C’est l’opinion qu’exprime Joseph Facal dans sa chronique de la semaine publiée aujourd’hui chez Canoë et reprise incessamment sur son blogue. Le raisonnement est le suivant:
«Au Québec, malgré nos droits si bas, un enfant dont les parents gagnent plus de 100 000 $ par an a plus de deux fois plus de chances de fréquenter l’université que celui dont les parents gagnent moins de 25 000 $. Si les hausses des droits ne freinent pas la fréquentation universitaire, c’est parce que la majorité des enfants issus des milieux pauvres ne se rend même pas jusqu’aux portes de l’université. Autrement dit, des droits de scolarité ridiculement bas reviennent à faire subventionner l’éducation universitaire d’enfants issus, pour la plupart, des milieux aisés, par les travailleurs à revenus modestes, dont les enfants auront proportionnellement moins de chances d’accéder à l’université.»
M. Facal n’est pas reconnu pour faire dans la langue de bois et il le prouve en début de chronique en sous-entendant que le sociologue Guy Rocher n’a probablement pas lu ce qu’il a co-signé dans le Devoir de lundi. Il y était écrit que «la hausse des droits de scolarité ne vient que renforcer le problème de l’accessibilité et, du même coup, la division entre les Québécois». Joseph Facal affirme qu’il ne faut pas laisser passer «une telle ineptie»!

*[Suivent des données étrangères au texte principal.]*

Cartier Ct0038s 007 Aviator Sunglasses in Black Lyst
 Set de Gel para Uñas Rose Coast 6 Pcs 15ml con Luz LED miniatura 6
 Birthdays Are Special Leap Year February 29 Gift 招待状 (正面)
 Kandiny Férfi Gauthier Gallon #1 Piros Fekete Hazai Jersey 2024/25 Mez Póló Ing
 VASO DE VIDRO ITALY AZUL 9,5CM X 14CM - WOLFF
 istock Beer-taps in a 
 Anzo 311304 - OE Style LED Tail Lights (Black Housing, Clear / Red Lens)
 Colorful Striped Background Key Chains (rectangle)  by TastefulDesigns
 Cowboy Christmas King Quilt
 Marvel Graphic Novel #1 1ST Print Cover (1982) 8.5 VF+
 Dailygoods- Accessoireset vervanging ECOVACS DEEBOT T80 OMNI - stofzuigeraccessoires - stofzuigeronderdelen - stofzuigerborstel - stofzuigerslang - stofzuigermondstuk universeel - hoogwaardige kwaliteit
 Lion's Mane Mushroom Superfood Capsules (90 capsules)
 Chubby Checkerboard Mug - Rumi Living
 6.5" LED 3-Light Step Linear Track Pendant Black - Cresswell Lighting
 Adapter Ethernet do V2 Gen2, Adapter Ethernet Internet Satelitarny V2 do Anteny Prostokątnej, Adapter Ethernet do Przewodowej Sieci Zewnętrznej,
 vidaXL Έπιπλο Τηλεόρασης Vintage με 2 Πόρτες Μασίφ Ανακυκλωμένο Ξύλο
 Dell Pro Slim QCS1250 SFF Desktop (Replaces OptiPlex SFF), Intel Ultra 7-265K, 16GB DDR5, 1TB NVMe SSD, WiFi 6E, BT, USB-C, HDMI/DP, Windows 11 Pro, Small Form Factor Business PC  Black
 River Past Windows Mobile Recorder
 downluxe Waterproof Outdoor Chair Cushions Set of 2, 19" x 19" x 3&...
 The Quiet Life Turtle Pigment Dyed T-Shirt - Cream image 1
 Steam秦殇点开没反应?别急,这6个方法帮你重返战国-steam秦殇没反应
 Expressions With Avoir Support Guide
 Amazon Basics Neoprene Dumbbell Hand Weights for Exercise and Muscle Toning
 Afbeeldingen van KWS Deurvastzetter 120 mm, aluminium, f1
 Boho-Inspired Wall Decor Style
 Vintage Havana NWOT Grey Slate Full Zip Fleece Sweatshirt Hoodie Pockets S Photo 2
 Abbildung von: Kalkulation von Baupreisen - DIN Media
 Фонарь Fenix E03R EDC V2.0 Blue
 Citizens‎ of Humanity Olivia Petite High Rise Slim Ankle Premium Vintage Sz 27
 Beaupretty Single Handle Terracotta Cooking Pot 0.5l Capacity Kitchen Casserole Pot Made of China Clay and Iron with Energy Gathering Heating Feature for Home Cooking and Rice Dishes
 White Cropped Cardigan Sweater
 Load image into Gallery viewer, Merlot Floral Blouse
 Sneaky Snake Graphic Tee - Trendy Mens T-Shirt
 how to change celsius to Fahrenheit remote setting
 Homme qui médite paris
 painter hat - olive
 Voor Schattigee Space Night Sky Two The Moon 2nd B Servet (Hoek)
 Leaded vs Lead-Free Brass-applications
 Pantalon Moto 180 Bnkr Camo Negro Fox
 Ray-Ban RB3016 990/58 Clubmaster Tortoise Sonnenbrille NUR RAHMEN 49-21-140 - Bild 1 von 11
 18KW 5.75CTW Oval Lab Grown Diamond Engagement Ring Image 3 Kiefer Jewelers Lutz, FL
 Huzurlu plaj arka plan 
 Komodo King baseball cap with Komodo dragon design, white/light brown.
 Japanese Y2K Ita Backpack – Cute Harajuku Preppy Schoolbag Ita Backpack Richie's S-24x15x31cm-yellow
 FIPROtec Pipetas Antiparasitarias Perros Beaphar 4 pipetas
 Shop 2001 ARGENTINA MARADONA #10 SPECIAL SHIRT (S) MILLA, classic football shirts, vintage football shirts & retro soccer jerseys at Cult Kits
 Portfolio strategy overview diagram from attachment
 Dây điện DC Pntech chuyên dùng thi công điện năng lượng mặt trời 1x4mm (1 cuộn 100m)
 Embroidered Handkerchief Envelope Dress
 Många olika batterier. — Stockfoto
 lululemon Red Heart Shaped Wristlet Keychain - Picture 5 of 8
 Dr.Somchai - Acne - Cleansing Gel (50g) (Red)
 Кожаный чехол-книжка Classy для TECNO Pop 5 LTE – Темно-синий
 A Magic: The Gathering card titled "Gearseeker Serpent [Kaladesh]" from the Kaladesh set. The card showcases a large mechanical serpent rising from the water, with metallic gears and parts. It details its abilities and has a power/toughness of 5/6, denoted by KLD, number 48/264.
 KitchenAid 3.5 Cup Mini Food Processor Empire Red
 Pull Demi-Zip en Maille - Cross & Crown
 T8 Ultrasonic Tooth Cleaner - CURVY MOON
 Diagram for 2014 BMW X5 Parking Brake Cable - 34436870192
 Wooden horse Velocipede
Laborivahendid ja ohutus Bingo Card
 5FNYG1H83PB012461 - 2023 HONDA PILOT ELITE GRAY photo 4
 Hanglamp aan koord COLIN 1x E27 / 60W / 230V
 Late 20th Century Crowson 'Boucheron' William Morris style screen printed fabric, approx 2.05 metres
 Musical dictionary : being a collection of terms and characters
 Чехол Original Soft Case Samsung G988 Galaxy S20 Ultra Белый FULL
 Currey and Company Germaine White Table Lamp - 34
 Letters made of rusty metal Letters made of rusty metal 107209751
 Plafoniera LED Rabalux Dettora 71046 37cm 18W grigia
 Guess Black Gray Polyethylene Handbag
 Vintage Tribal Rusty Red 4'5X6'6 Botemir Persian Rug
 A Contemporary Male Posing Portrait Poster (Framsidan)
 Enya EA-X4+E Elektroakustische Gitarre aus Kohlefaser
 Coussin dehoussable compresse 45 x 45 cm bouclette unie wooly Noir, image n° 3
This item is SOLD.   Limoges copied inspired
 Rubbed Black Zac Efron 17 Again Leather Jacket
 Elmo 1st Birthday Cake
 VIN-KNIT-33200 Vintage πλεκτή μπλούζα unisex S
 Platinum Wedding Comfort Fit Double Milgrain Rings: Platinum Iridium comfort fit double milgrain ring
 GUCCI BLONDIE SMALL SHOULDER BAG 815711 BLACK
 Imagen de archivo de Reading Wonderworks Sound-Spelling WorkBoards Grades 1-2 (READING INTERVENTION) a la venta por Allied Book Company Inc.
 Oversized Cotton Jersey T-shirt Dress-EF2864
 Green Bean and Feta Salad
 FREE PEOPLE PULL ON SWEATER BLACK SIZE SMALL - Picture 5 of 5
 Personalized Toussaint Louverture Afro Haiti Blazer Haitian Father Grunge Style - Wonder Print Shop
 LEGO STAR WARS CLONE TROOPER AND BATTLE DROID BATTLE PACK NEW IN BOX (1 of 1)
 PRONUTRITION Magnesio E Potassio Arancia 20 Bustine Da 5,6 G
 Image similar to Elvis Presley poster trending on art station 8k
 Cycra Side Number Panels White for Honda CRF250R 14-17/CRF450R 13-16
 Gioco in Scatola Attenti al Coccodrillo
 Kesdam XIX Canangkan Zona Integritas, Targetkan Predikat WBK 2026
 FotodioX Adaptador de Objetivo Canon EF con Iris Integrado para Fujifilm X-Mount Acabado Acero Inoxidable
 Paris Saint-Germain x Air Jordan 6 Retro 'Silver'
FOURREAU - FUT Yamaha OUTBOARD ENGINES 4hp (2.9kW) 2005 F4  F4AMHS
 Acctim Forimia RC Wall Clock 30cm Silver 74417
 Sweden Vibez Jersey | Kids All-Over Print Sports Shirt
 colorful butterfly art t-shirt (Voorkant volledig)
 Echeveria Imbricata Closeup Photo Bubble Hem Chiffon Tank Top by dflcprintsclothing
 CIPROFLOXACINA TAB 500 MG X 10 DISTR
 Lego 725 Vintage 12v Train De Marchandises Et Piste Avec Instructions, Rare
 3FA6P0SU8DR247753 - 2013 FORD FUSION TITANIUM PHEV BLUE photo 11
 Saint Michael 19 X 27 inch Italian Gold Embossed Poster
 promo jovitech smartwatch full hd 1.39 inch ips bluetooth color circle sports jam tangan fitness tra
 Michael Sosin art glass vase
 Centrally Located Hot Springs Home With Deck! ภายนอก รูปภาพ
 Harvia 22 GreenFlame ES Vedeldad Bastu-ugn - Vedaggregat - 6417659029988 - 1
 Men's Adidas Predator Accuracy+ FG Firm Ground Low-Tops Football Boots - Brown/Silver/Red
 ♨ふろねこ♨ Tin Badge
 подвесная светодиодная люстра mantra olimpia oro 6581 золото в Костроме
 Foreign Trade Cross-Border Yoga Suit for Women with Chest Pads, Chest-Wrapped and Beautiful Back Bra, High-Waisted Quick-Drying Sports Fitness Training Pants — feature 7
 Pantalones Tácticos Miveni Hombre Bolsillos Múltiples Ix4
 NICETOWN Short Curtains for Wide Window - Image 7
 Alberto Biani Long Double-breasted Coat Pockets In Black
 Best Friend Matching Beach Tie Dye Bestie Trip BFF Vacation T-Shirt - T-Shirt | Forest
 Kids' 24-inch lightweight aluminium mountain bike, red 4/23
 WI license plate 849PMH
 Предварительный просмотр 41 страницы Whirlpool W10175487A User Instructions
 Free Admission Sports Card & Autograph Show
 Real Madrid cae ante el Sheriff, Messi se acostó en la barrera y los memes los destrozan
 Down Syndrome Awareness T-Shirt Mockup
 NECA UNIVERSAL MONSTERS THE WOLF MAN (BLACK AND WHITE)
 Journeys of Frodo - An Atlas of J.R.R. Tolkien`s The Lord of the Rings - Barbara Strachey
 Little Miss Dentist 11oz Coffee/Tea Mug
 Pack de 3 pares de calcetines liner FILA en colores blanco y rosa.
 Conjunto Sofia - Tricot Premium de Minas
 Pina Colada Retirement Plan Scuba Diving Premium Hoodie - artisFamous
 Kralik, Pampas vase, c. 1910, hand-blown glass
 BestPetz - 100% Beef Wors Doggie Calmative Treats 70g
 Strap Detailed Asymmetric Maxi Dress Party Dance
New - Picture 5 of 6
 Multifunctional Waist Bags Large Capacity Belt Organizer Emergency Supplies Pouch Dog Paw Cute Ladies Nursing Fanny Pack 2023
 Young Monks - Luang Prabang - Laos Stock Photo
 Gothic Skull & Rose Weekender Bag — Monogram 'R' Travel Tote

Tout comme M. Facal, j’ai beaucoup de respect pour le travail de M. Rocher. Je ne comprends pas du tout sur quoi il s’appuie pour afficher une aussi grande confiance dans le lien qui uni «l’accessibilité aux études supérieures» et le maintient des droits de scolarité à un aussi bas niveau. Je comprends les pièges de la «vision utilitariste de l’éducation», et je suis sensible aux arguments de ne pas imposer «une réduction de la « biodiversité » intellectuelle», mais je ne peux accepter le sous-financement actuel de l’université. J’ai deux garçons actuellement au Bac qui n’ont accumulé aucune dette d’études et j’ose le dire candidement, nous serions capables de payer davantage pour qu’ils puissent avoir accès à la meilleure formation possible. Nous ne sommes pas riches, mais l’éducation est une priorité, avant la cigarette, la loto et bien des leurres qui prend trop souvent une grande part du budget des gens que je croise au dépanneur. Je crois vraiment au système des prêts et bourses qui m’a permis de faire des études universitaires au début des années 80. C’est par ce système qu’on peut réguler une certaine «justice sociale», pas par le maintient d’une logique qui n’aide en rien l’accessibilité et qui de plus, provoque une certaine dégradation de la qualité de l’enseignement postcollégial.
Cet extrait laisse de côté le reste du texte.